Go through the data below and return each line where the string "Drive" occurs.
+---+
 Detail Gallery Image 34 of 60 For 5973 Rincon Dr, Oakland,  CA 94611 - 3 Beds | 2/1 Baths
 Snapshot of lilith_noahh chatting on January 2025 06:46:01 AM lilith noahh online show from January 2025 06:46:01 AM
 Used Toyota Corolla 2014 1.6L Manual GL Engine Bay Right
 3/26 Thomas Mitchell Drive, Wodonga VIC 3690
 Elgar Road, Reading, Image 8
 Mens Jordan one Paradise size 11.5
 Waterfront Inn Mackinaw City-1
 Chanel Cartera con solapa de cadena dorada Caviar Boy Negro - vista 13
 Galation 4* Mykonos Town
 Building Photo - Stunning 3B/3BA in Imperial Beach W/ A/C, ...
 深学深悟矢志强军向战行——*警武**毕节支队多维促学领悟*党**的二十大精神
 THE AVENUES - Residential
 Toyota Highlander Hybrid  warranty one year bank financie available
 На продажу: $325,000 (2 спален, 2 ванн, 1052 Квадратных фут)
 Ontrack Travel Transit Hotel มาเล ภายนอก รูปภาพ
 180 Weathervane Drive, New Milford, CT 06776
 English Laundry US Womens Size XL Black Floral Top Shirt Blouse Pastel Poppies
+---+
▶ **YOUR RESPONSE**:
 3/26 Thomas Mitchell Drive, Wodonga VIC 3690
 180 Weathervane Drive, New Milford, CT 06776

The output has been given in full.